When first century Christians heard that the man was possessed with an unclean spirit, they would hear ‘occupied.’ Just as the Romans had occupied Israel, just as the Greeks before them and the Persians before them and the Babylonians before them and so on. And though Legion bowed before Jesus, they also confronted Jesus—a term of battle.
The man had been bound by shackles and chains—like the ones used to imprison the Apostles in Acts. He had been bound by his own people in order to manage and control his condition—to keep them (and perhaps him) safe from the demons that raged within him.
Pastor Linda Anderson-Little says, “Historical records show that in this region of Gerasa, Roman soldiers killed young men, imprisoned their families, and attacked and burned their cities and villages. Many of those buried in the Gerasene tombs, the home of this tormented and demon-possessed man, had been slaughtered by Roman legions.”[1]
There’s no getting around the issue—what the original audience of Mark’s gospel account would hear is an account of political and social annihilation. They would hear their own story in the story of this unnamed Gentile man. This man becomes, even for us, the occupied, the imprisoned, the turned away, the hated and feared. He is the terrifying voice of one that brings the possibility of loss far too close to home. He is the black trans woman who is beaten and left for dead; he is the addicted and the addiction; he is the prisoner released with almost no money, no housing, no transportation, and no job and yet expected to behave in an orderly and respectful manner; he is the hopeless longing for death. He is all the things we fear and all the things we cannot control, breaking his shackles and chains and wandering back into our communities, seeming to drag the dead with him.

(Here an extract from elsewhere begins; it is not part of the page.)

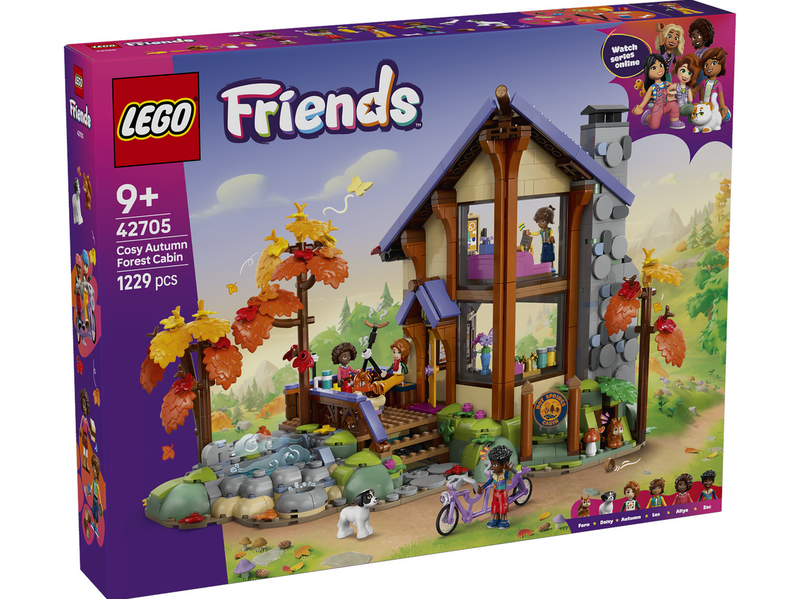 LEGO Friends 42705 Gemütliche Hütte im Herbstwald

He is death, itself. He resides among the tombs, naked and senseless—he is literally ‘in your face’ with shame and horror. He has the audacity to approach Jesus. And Jesus has the nerve to let him—to engage in conversation—to even show mercy to the demons, for what it’s worth. Because Jesus doesn’t shy away from death. He doesn’t shy away from the things we don’t understand and the things we fear and the things we try to hide and the things we try to beat out of people. He doesn’t hide from shame and nakedness. He isn’t afraid to face the horror of all that we hope to ignore, deny, and avoid.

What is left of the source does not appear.